Mahler had taken his first professional conducting job in a small wooden theater in the spa town of Bad Hall, south of Linz, in the summer of 1880.
The repertory was exclusively operetta; it was, in Carr's words, "a dismal little job", which Mahler accepted only after Julius Epstein told him he would soon work his way up.
In 1881, he had been engaged at the Landestheater in Laibach (now Ljubljana, in Slovenia), where the small but resourceful company was prepared to attempt more ambitious works.
Here, Mahler had conducted his first full-scale opera, Verdi's Il trovatore, one of more than fifty that he presented during his time in Laibach.
After completing his six-month engagement, Mahler had returned to Vienna and worked part-time as chorus-master at the Vienna Carltheater.
In January 1883, Mahler became conductor at a run-down theatre in Olmütz (now Olomouc).
Despite poor relations with the orchestra, Mahler brought five new operas to the theater, including Bizet's Carmen, and won over the press that had initially been hostile to him.
After a week's trial at the Royal Theater in the Hessian town of Kassel, Mahler had became the theater's "Musical and Choral Director" from August 1883.
The title concealed the reality that Mahler was subordinate to the theatrer's Kapellmeister, Wilhelm Treiber, who disliked him and set out to make his life miserable.
Despite the unpleasant atmosphere, Mahler had moments of success at Kassel.
He directed a performance of his favorite opera, Weber's Der Freischütz,and, on June 23, 1884, conducted his own incidental music to Joseph Victor von Scheffel's play Der Trompeter von Säkkingen ("The Trumpeter of Säkkingen"), the first professional public performance of a Mahler work.
An ardent, but ultimately unfulfilled, love affair with soprano Johanna Richter led Mahler to write a series of love poems which became the text of his song cycle Lieder eines fahrenden Gesellen ("Songs of a Wayfarer").
In January 1884, the distinguished conductor Hans von Bülow brought the Meiningen Court Orchestra to Kassel and gave two concerts.
Hoping to escape from his job in the theater, Mahler unsuccessfully sought a post as Bülow's permanent assistant.
However, in the following year his efforts to find new employment resulted in a six-year contract with the prestigious Leipzig Opera, to begin in 1886.
Unwilling to remain in Kassel for another year, Mahler resigned in July 1885, and through good fortune had been offered a standby appointment as an assistant conductor at the Neues Deutsches Theater (New German Theatre) in Prague.
In Prague, the emergence of the Czech National Revival has increased the popularity and importance of the new Czech National Theater, and has led to a downturn in the Neues Deutsches Theater's fortunes.
Mahler's task is to help arrest this decline by offering high-quality productions of German opera.
He has early success presenting works by Mozart and Wagner, composers with whom he will be particularly associated for the rest of his career, but his individualistic and increasingly autocratic conducting style leads to friction, and a falling out with his more experienced fellow-conductor, Ludwig Slansky.

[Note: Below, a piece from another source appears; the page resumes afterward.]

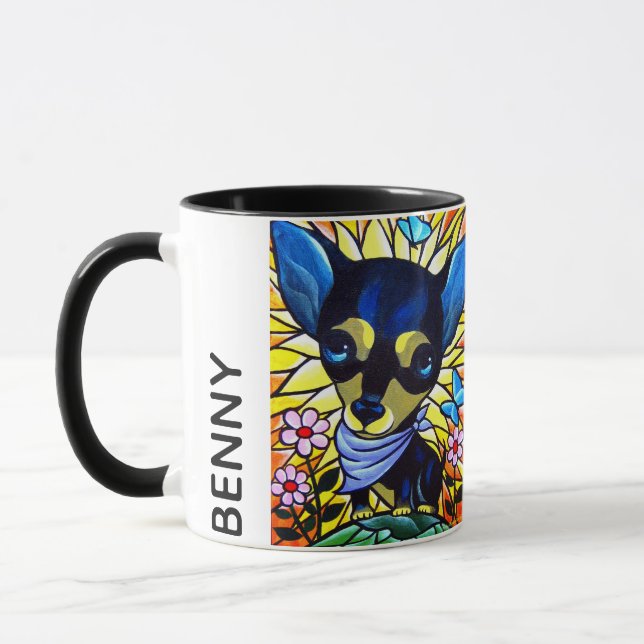 Black Chihuahua Dog Cartoon Art Personalised Name Mug (Left)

Gustav Mahler premieres his Symphony No. 1, in Budapest, on November 20, 1889.
Mainly composed between late 1887 and March 1888, though it incorporates music Mahler had composed for previous works, it had been composed while Mahler was second conductor at the Leipzig Opera, Germany.
Although in his letters Mahler almost always refers to the work as a symphony, the first two performances describe it as a symphonic poem and as a tone poem in symphonic form respectively.

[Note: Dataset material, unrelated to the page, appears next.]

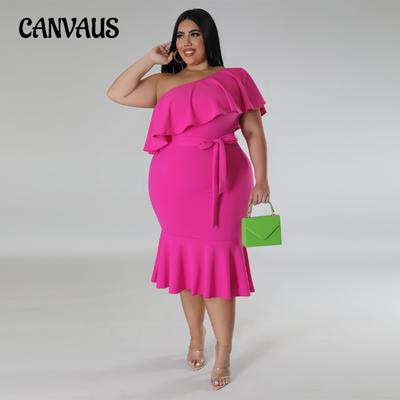 Φόρεμα Γυναικείο Μεγάλο Μέγεθος Μόδα Casual Μίντι Φορέματα Κορσέ με Βολάν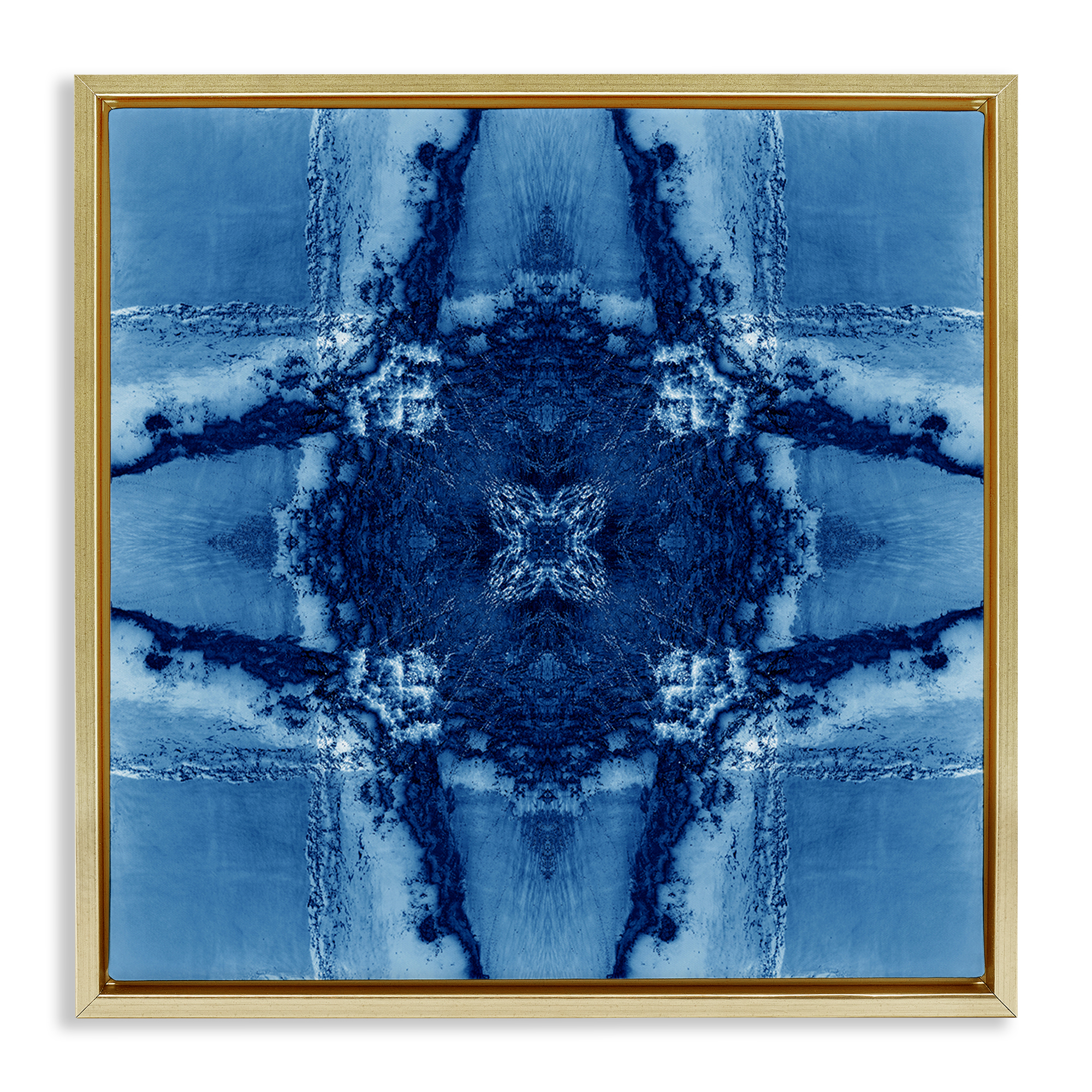 Stupell Industries Blue Geometric Shapes Abstract Painting Gold Floater Framed Canvas Art Print Wall Art, 25 x 25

The work is premièred at the Vigadó Concert Hall, but is not well received.
Mahler will make some major revisions for the second performance, given at Hamburg in October 1893; further alterations will be made in the years prior to the first publication, in late 1898.
Some modern performances and recordings give the work the title Titan, despite the fact that Mahler only used this label for the second and third performances, and never after the work had reached its definitive four-movement form in 1896.
Mahler will conduct more performances of this symphony than of any of his later works.